§ **What needs to be done**
Transcribe the records in full; omit images.

§ **Image-text web data**

= = = = = = =

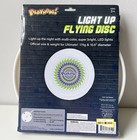 Playhem Led Light Up Flying Disc Frisbee 10 5  Glow In The Dark 3 Strobe Modes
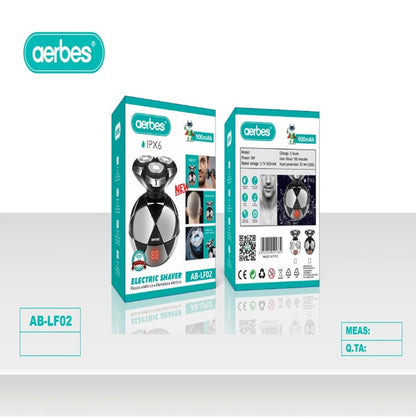 USB Rechargeable 5W Round Shaver With Digital Display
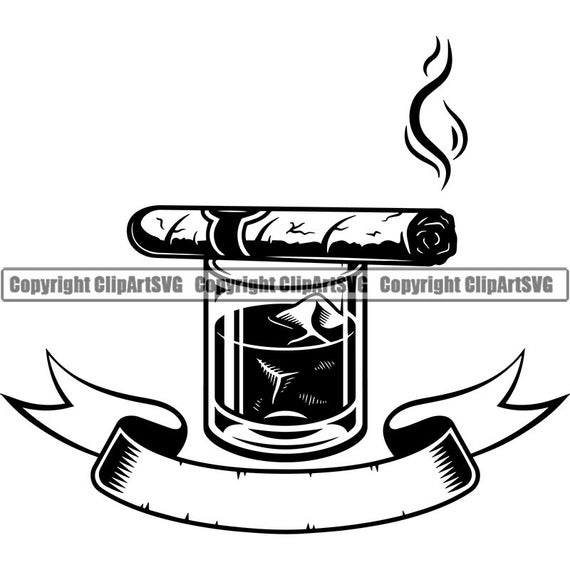 Cigar Logo 5 Smoking Tobacco Smoke Blunt Ash Ashes Bar Etsy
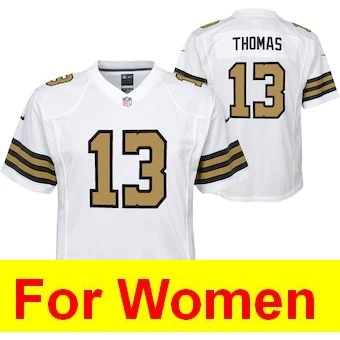 Женщины Орлеан Игры Элвин Камара Drew Brees Marshon латтиморе Майкл Томас Марк Инграм Цвет пик трикотажные изделия - Цвет: Серебристый
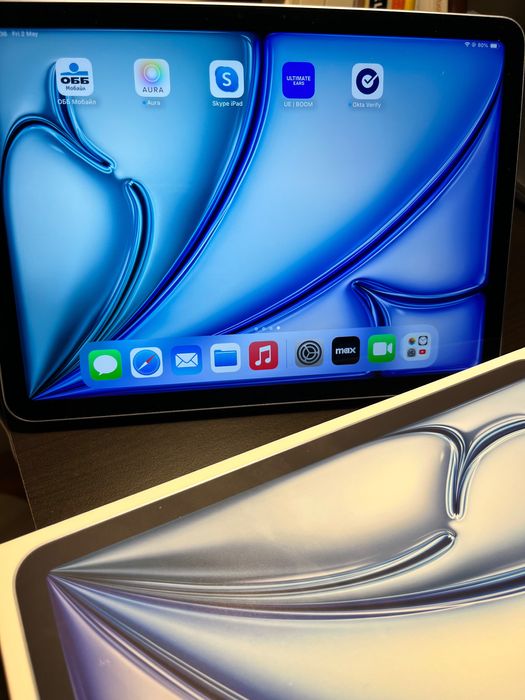 iPad Air 11 inch Blue, 256 GB, new model 2025, НОВ, ГАРАНЦИЯ И ФАКТУРА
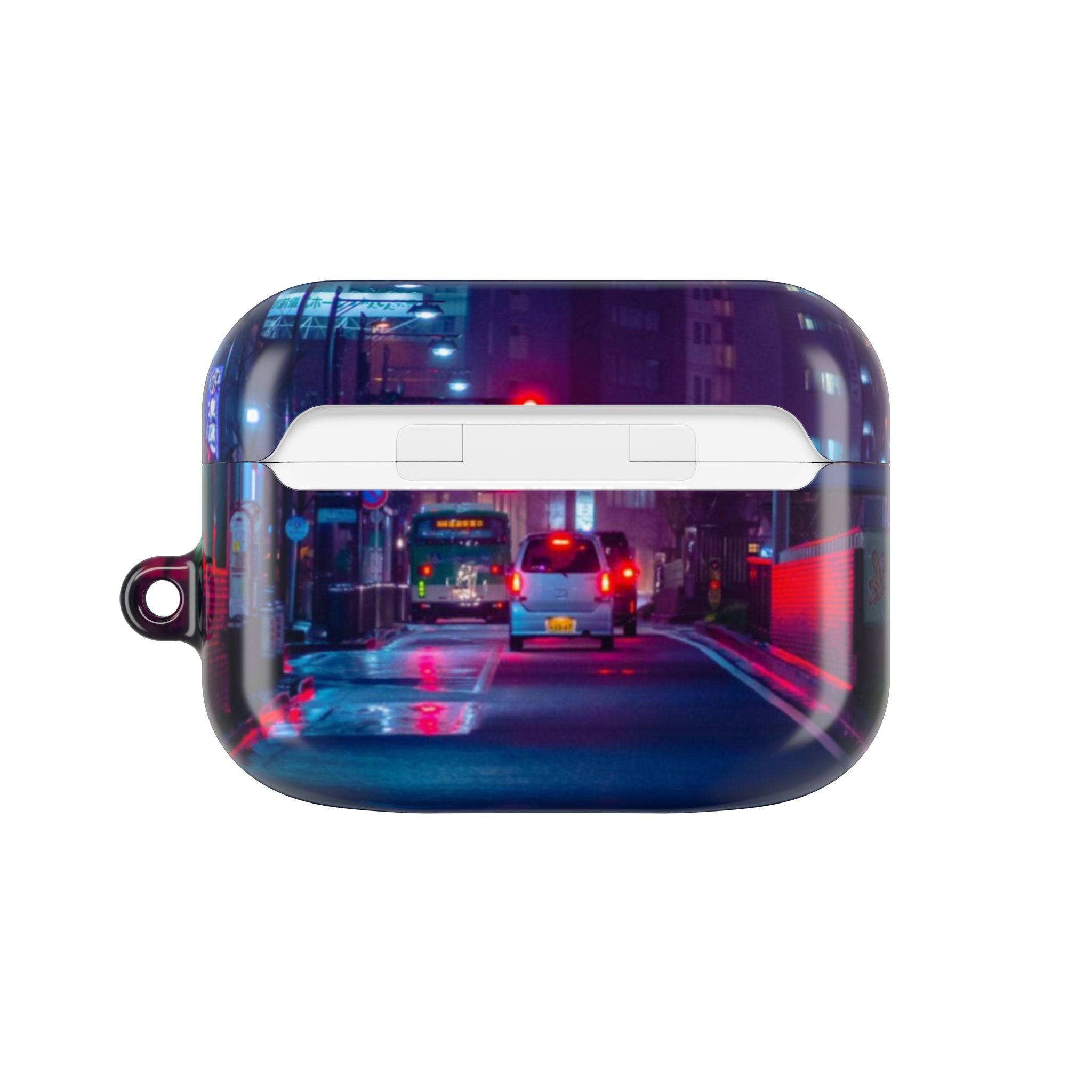 Neon City Street AirPod Case | Nightscape Urban Graffiti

= = = = = = =

§ **Solution**
 Playhem Led Light Up Flying Disc Frisbee 10 5  Glow In The Dark 3 Strobe Modes
 USB Rechargeable 5W Round Shaver With Digital Display
 Cigar Logo 5 Smoking Tobacco Smoke Blunt Ash Ashes Bar Etsy
 Женщины Орлеан Игры Элвин Камара Drew Brees Marshon латтиморе Майкл Томас Марк Инграм Цвет пик трикотажные изделия - Цвет: Серебристый
 iPad Air 11 inch Blue, 256 GB, new model 2025, НОВ, ГАРАНЦИЯ И ФАКТУРА
 Neon City Street AirPod Case | Nightscape Urban Graffiti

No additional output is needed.